Backward Hooks with AMP

andrea_bragagnolo · April 29, 2021, 12:26pm

HI, I tried looking in the documentation but I couldn’t find what I’m looking for.
My question is: how are intermediate gradient collected by the backward hooks affected by amp?

I understand that during training we should use GradScaler on the loss as GradScaler.scale(loss).backward(), but what about the gradient collected by a backward hook? Should that also be scaled?

EDIT:
I tried doing some testing with a simple setup and found out that if amp is NOT used I obtain different gradients from when amp IS used e.g.

tensor([[-0.6644,  0.6644]], device='cuda:0') # normal
tensor([[-43552.,  43552.]], device='cuda:0', dtype=torch.float16) # amp

but using GradScaler.scale on the gradient did not return the non-amp one.

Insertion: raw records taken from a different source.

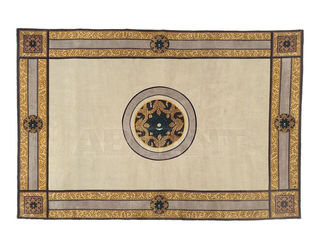 Ковер классический Colombostile s.p.a. Transculture/cristal Blanc 1712 TP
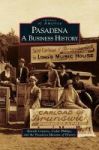 Pasadena - A Business History Hardcover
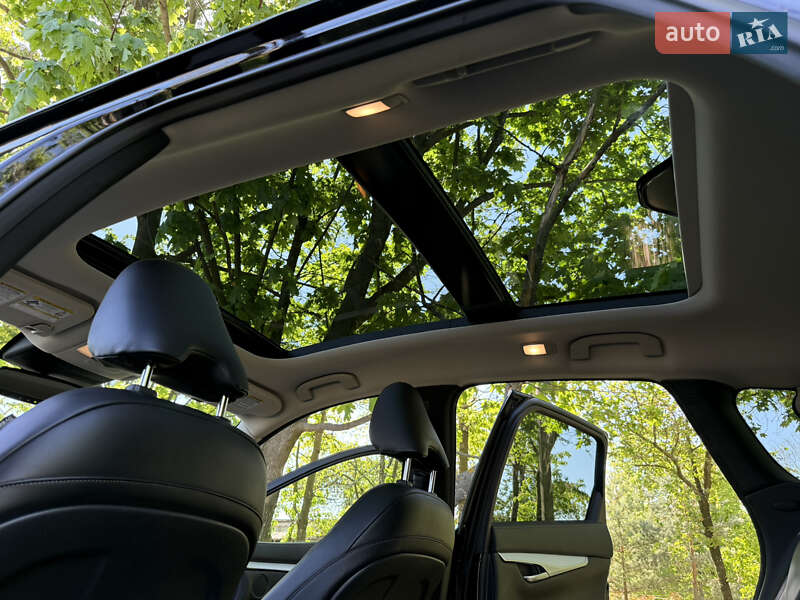 Позашляховик / Кросовер Infiniti QX50 2021 в Вінниці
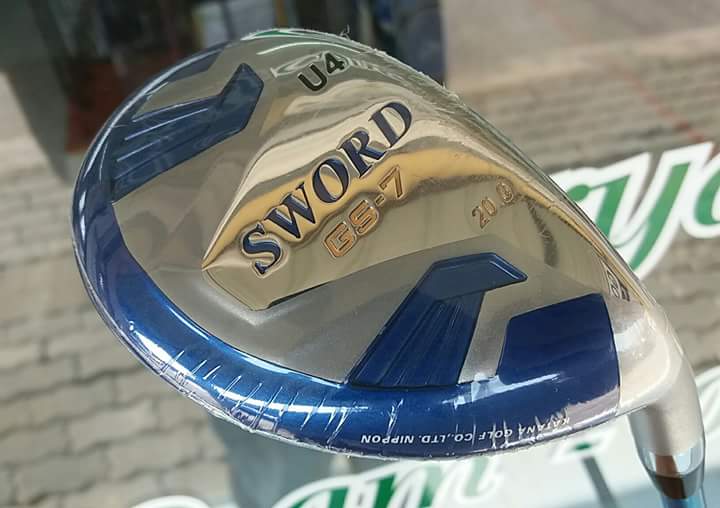 Utility #4 SWORD Loft 20°Flex R ของใหม่ 3,900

Is there a way to use amp and hooks to gather intermediate gradients?

Here the main parts of my testing setup
Model:

class Net(nn.Module):
    def __init__(self):
        super(Net, self).__init__()
        self.fc1 = nn.Linear(10, 5, bias=True)
        self.r1 = nn.ReLU()
        self.fc2 = nn.Linear(5, 2, bias=True)
    
    def forward(self, x):
        x = self.fc1(x)
        x = self.r1(x)
        x = self.fc2(x)
        return x

Hook:

def backward_hook(module, grad_input, grad_output):
    print(grad_output[0])

Training:

dataset = TensorDataset(x, y)
dataloader = DataLoader(dataset, shuffle=False, batch_size=1, num_workers=0)

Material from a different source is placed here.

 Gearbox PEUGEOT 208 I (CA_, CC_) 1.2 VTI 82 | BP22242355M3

for data, target in dataloader:
    data, target = data.to(device), target.to(device)
    optimizer.zero_grad()
    if amp:
        with autocast():
            out = model(data)
            loss = loss_fn(out, target)
        scaled_loss = scaler.scale(loss)
        scaled_loss.backward()
            
        scaler.step(optimizer)
        scaler.update()
    else:
        out = model(data)
        loss = loss_fn(out, target)
        loss.backward()
        optimizer.step()

ptrblck · April 30, 2021, 5:43am

If you want to work with unscaled gradients, you could follow the AMP - Working with unscaled gradients tutorial, which explains how to unscale the gradients before using them in e.g. gradient clipping.

andrea_bragagnolo · April 30, 2021, 10:05am

Hi, thanks for the reply, but unless I misunderstood something this isn’t what I’m looking for: in the link you provided it is suggested to unscale the optimizer so that we can unscales gradients held by optimizer’s assigned parameters, but those are not the gradient I’m interested in. I’ll try to explaing it better.

In my project I need to use the intermediate gradients of the neurons (NOT the gradient of the loss w.r.t. the weights) and to fetch those I employ some backward hooks.
When I run the backward() pass WITHOUT amp I obtain the following grad tensor tensor([[-0.6644, 0.6644]], device='cuda:0').
When I run the backward() pass WITH amp, instead, I get tensor([[-43552., 43552.]], device='cuda:0', dtype=torch.float16). Now I’d like to unscale this float16 gradients to the values I get without amp, so that I can still use them in the application. Is this possible?

ptrblck · April 30, 2021, 10:09am

Yes, the next section of the tutorials shows how to unscale gradients manually using inv_scale = 1./scaler.get_scale(), which you could also use in your hooks.

andrea_bragagnolo · April 30, 2021, 1:30pm

Oh wow, I really missed that. Thank you very much for helping me.

mcarilli · May 7, 2021, 6:46pm

If performance is a concern, prefer 1./scaler._get_scale_async(), which will be faster because it retrieves the scale factor tensor directly. get_scale() calls .item() on the scale factor tensor which incurs a cpu->gpu memcopy and sync. I should probably give _get_scale_async() a documented, public exposure.